In DSM-III, this category is called Developmental Language Disorder
Another Language Disorder
Expressive Language Disorder is distinguished from Mixed Receptive-Expressive Language Disorder by the presence in the latter of significant impairment in receptive language.
Pervasive Developmental Disorders
Expressive Language Disorder is not diagnosed if the criteria are met for Autistic Disorder or another Pervasive Developmental Disorder. Autistic Disorder also involves expressive language impairment but may be distinguished from Expressive and Mixed Receptive-Expressive Language Disorders by the characteristics of the communication impairment (e.g., stereotypes use of language) and by the presence of a qualitative impairment in social interaction and restricted, repetitive, and stereotyped patterns of behavior.
Mental Retardation, sensory deficits, speech-motor deficits, and severe environmental deprivation
Expressive and receptive language development may be impaired due to Mental Retardation, a hearing impairment or other sensory deficit, a speech-motor deficit, or severe environmental deprivation. The presence of these problems may be established by intelligence testing, audiometric testing, neurological testing, and history. If the language difficulties are in excess of those usually associated with these problems, a concurrent diagnosis of Expressive Language or Mixed Receptive-Expressive Language Disorder may be made. Children with expressive language delays due to environmental deprivation may show rapid gains once the environmental problems are ameliorated.
Disorder of Written Expression
In Disorder of Written Expression, there is a disturbance in writing skills. If deficits in oral expression are also present, an additional diagnosis of Expressive Language Disorder may be appropriate.
Selective Mutism involves limited expressive output that may mimic Expressive or Mixed Receptive-Expressive Language Disorder; careful history and observation are necessary to determine the presence of normal language in some settings.
Acquired aphasia associated with a general medical condition in childhood is often transient. A diagnosis of Expressive Language Disorder is appropriate only if the language disturbance persists beyond the acute recovery period for the etiological general medical condition (e.g., head trauma, viral infection).
A. Persistent difficulties in the acquisition and use of language across modalities (i.e., spoken, written, sign language, or other) due to deficits in comprehension or production that include the following:
- Reduced vocabulary (word knowledge and use).
- Limited sentence structure (ability to put words and word endings together to form sentences based on the rules of grammar and morphology).
- Impairments in discourse (ability to use vocabulary and connect sentences to explain or describe a topic or series of events or have a conversation).
B. Language abilities are substantially and quantifiably below those expected for age, resulting in functional limitations in effective communication, social participation, academic achievement, or occupational performance, individually or in any combination.
C. Onset of symptoms is in the early developmental period.
D. The difficulties are not attributable to hearing or other sensory impairment, motor dysfunction, or another medical or neurological condition and are not better explained by intellectual disability (intellectual developmental disorder) or global developmental delay.
Normal variations in language
Language disorder needs to be distinguished from normal developmental variations, and this distinction may be difficult to make before 4 years of age.

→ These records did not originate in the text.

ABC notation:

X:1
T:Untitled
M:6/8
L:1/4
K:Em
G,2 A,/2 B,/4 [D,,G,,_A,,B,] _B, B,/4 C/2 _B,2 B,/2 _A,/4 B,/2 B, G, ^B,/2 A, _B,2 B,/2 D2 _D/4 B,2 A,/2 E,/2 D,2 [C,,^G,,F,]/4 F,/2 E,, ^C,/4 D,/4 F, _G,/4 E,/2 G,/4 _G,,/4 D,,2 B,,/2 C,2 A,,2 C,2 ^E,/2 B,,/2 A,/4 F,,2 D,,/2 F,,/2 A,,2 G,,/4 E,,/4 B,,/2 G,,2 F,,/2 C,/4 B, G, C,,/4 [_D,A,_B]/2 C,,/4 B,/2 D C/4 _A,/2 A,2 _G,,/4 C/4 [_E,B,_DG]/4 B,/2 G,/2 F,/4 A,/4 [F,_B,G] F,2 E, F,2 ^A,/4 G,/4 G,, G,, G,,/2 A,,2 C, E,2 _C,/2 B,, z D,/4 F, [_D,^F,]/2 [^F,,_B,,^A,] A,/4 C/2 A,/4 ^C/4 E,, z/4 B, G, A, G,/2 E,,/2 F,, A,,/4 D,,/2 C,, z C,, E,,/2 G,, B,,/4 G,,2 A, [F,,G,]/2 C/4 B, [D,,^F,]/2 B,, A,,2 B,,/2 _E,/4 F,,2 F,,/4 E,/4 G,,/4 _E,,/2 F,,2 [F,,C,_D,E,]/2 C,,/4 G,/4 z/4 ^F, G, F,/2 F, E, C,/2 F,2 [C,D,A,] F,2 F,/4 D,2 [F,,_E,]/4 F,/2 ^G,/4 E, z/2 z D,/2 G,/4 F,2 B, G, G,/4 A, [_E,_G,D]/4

Regional, social, or cultural/ethnic variations of language (e.g., dialects) must be considered when an individual is being assessed for language impairment.
Hearing or other sensory impairment
Hearing impairment needs to be excluded as the primary cause of language difficulties. Language deficits may be associated with a hearing impairment, other sensory deficit, or a speech-motor deficit. When language deficits are in excess of those usually associated with these problems, a diagnosis of language disorder may be made.

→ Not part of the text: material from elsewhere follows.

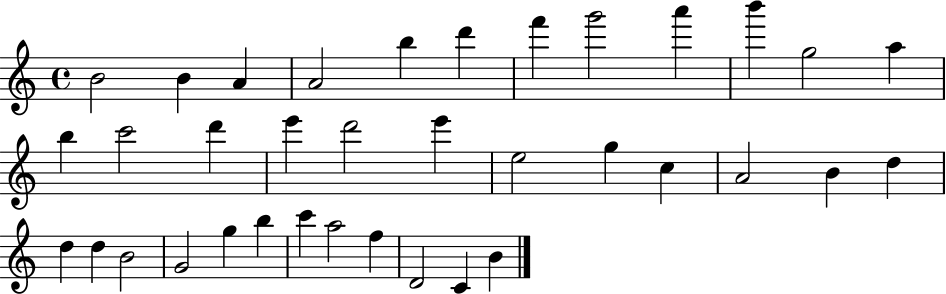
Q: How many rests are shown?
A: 0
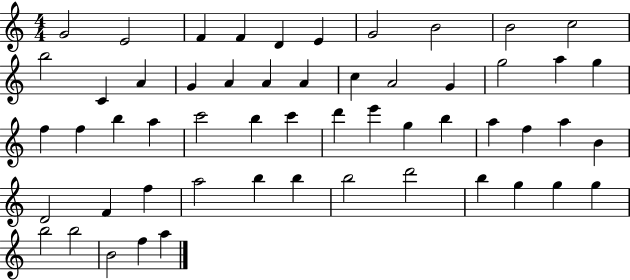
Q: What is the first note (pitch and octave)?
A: G4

Language delay is often the presenting feature of intellectual disability, and the definitive diagnosis may not be made until the child is able to complete standardized assessments. A separate diagnosis is not given unless the language deficits are clearly in excess of the intellectual limitations.

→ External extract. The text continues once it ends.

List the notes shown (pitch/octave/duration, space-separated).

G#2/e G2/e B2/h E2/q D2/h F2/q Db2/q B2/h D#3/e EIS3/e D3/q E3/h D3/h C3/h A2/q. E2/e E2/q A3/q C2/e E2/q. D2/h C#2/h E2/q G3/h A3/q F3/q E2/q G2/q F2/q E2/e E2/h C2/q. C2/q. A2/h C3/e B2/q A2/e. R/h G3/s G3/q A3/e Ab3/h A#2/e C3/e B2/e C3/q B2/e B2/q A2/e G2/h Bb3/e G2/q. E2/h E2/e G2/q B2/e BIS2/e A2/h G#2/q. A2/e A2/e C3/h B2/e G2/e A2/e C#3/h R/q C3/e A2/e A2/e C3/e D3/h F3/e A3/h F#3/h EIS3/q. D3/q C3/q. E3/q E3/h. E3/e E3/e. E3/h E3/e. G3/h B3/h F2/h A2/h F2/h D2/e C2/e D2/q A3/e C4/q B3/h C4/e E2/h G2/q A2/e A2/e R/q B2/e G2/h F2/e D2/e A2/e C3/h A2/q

Language disorder can be acquired in association with neurological disorders, including epilepsy (e.g., acquired aphasia or Landau-Kleffner syndrome).
Loss of speech and language as a child younger than 3 years may be a sign of autism spectrum disorder (with developmental regression) or a specific neurological condition, such as Landau-Kleffner syndrome. Among children older than 3 years, language loss may be a symptom of seizures, and a diagnostic assessment is necessary to exclude the presence of epilepsy (e.g., routine and sleep electroencephalogram).